WHAT THIS TASK INVOLVES ::
From the line that contains "THORN GARDEN™ 1.4in" down to the last line of the listing below, reproduce each line exactly but not the pictures.

PROVIDED DATA ::
▬▬▬

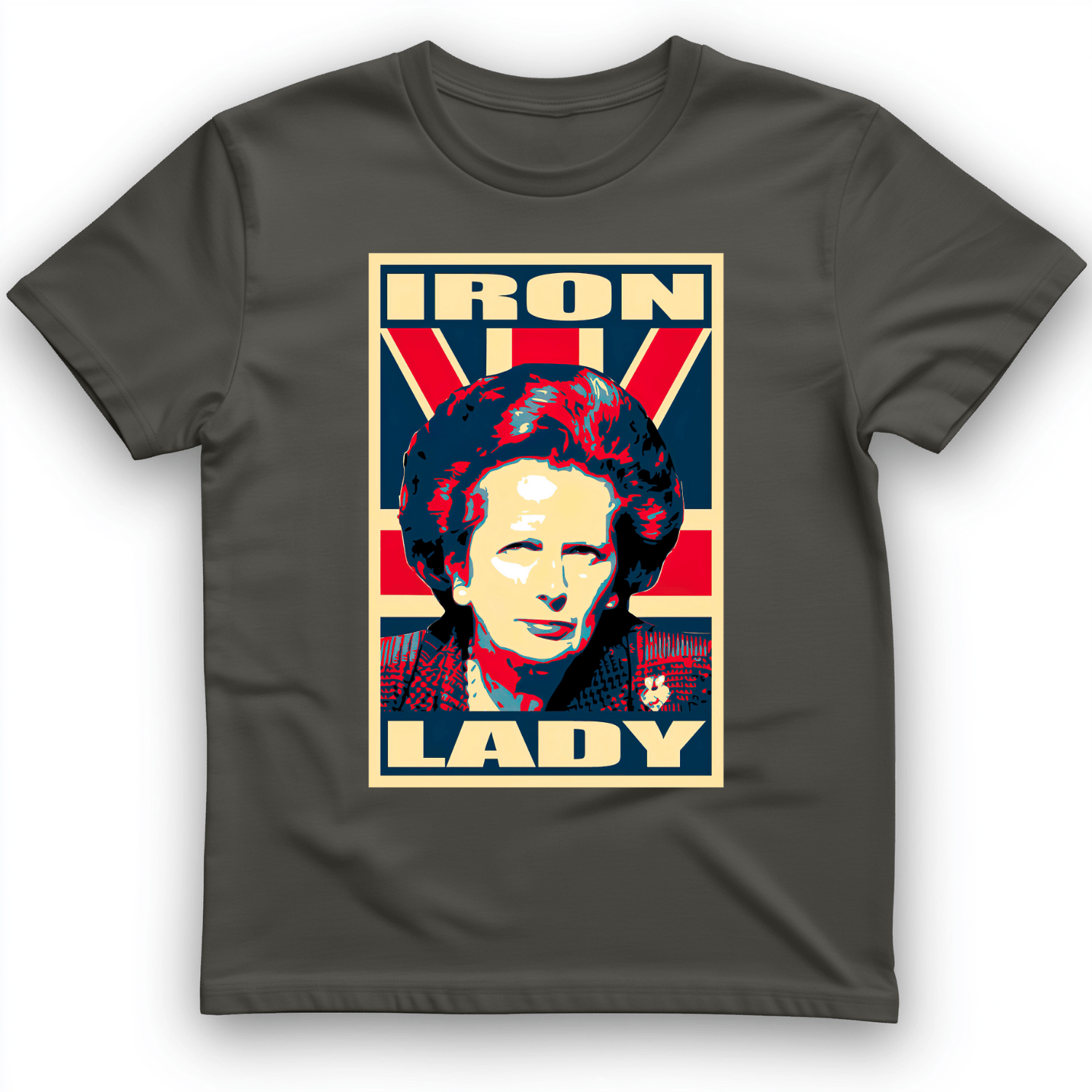 Margaret Thatcher T-Shirt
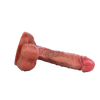 THORN GARDEN™ 1.4in diameter 6.7in long sex machine dildo free shipping G198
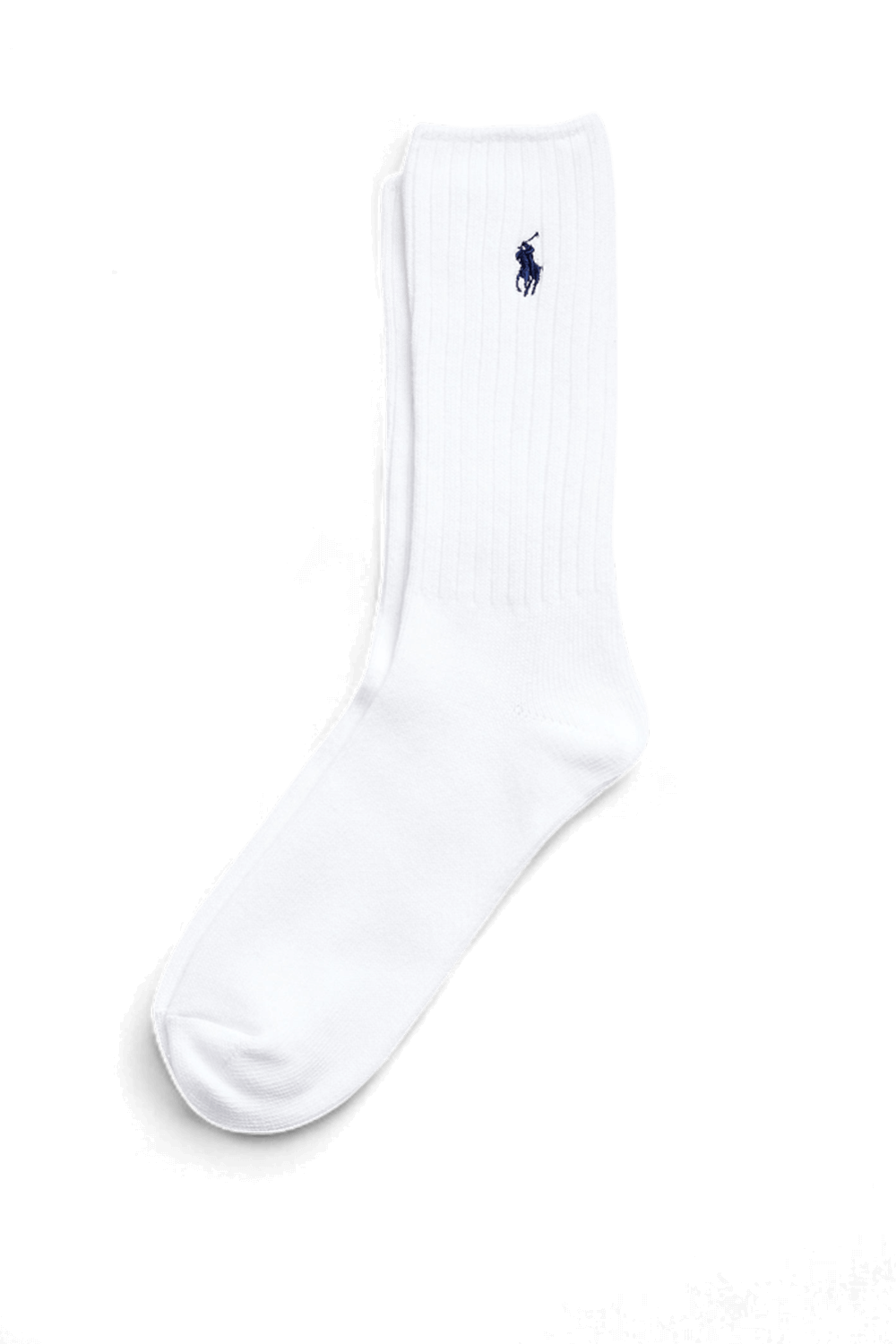 תמונה אחורית של גרביים POLO RALPH LAUREN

▬▬▬

EXERCISE OUTPUT ::
 THORN GARDEN™ 1.4in diameter 6.7in long sex machine dildo free shipping G198
 תמונה אחורית של גרביים POLO RALPH LAUREN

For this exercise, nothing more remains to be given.